## THE PROBLEM
Your task is to reproduce exactly the lines from the one containing "1909 Tracy Lynn Lane, Alvin, TX 77511" through the last line below, both ends included, and nothing else, with no pictures.

## EXERCISE DATA
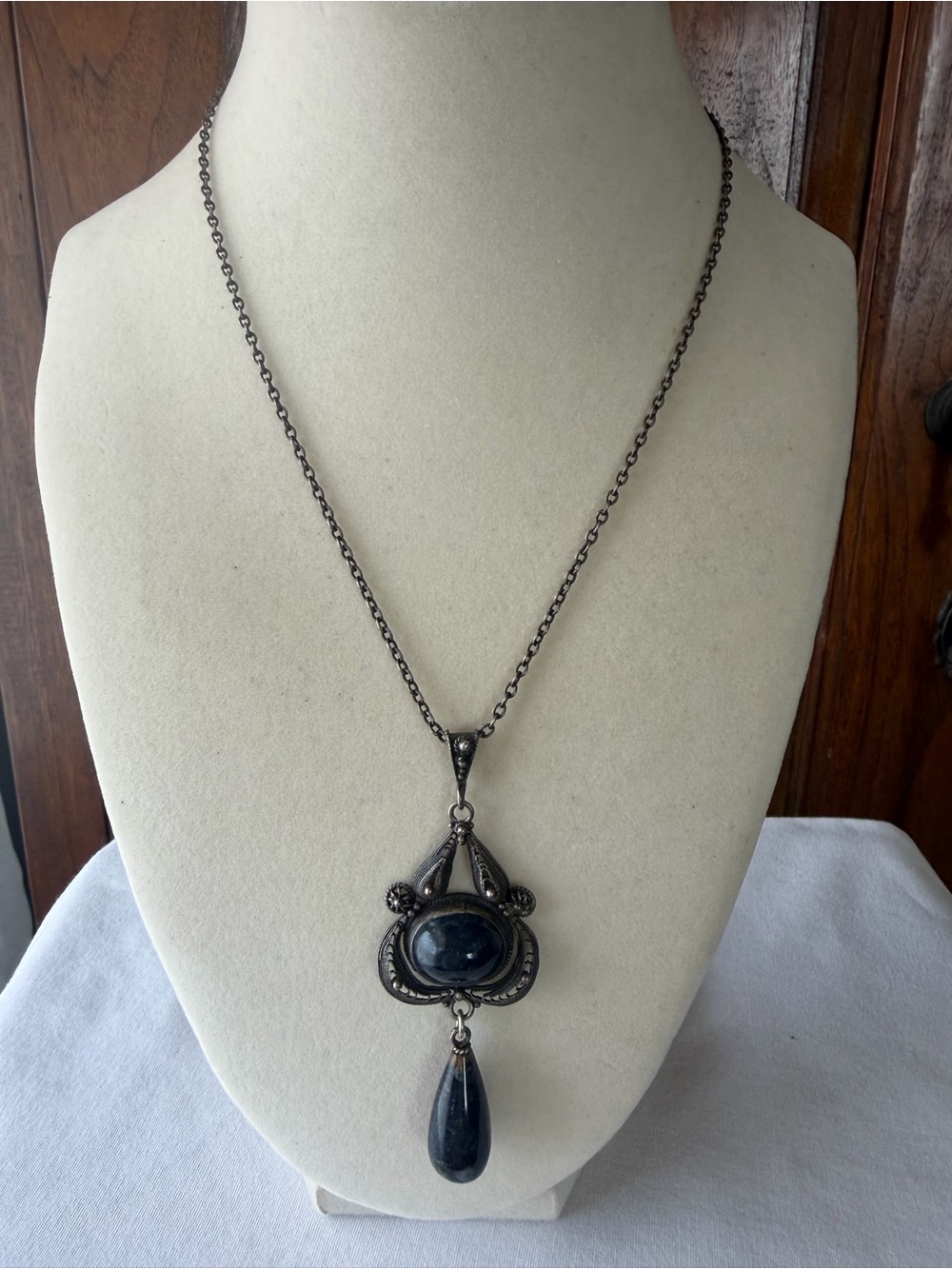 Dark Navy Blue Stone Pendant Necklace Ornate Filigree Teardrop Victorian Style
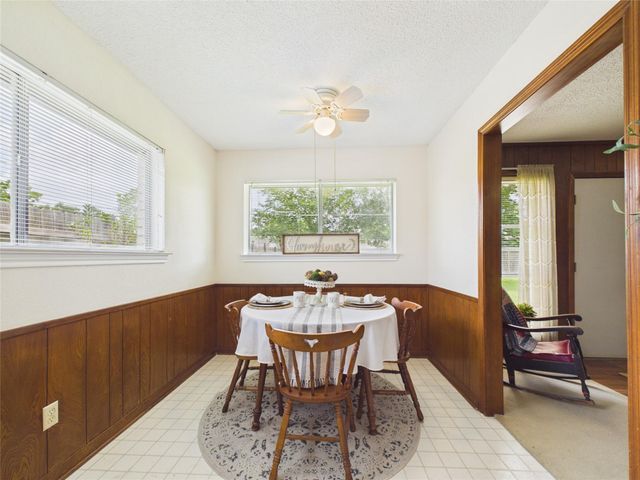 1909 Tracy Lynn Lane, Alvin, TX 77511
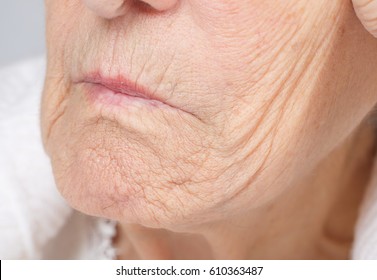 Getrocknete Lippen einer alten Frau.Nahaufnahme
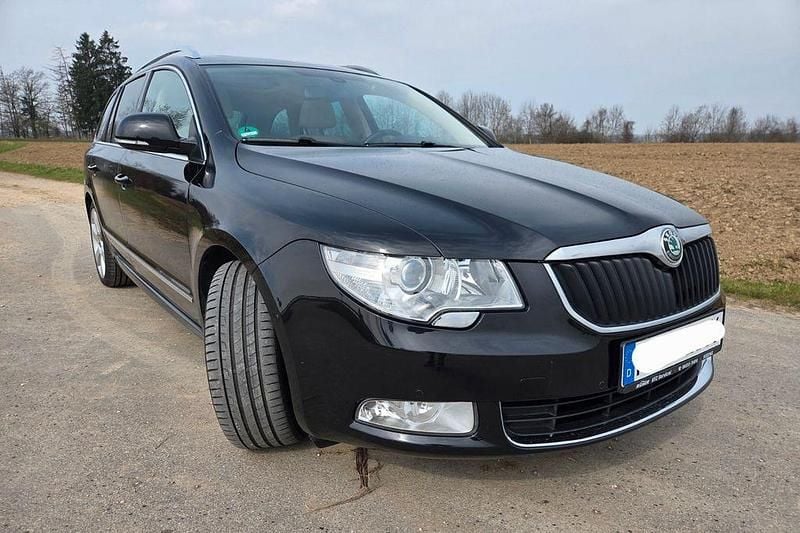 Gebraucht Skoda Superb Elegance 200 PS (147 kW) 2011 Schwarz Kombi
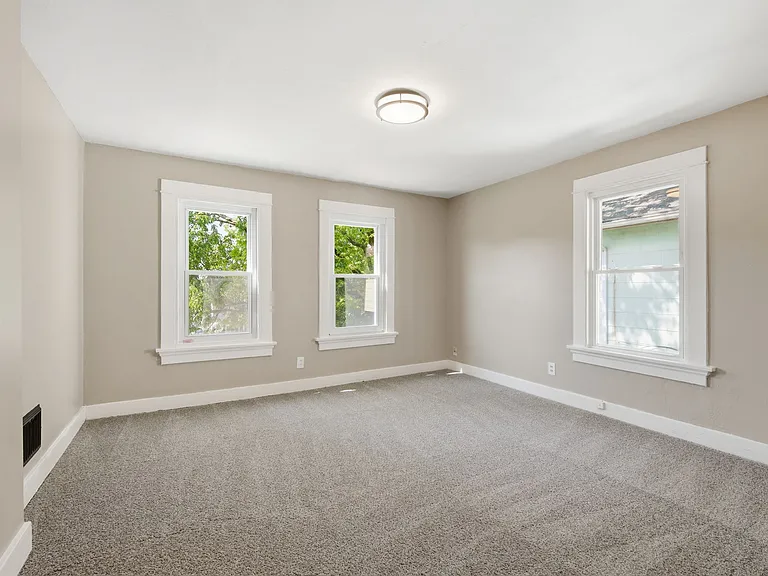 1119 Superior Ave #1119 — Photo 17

## EXERCISE OUTPUT
 1909 Tracy Lynn Lane, Alvin, TX 77511
 Getrocknete Lippen einer alten Frau.Nahaufnahme
 Gebraucht Skoda Superb Elegance 200 PS (147 kW) 2011 Schwarz Kombi
 1119 Superior Ave #1119 — Photo 17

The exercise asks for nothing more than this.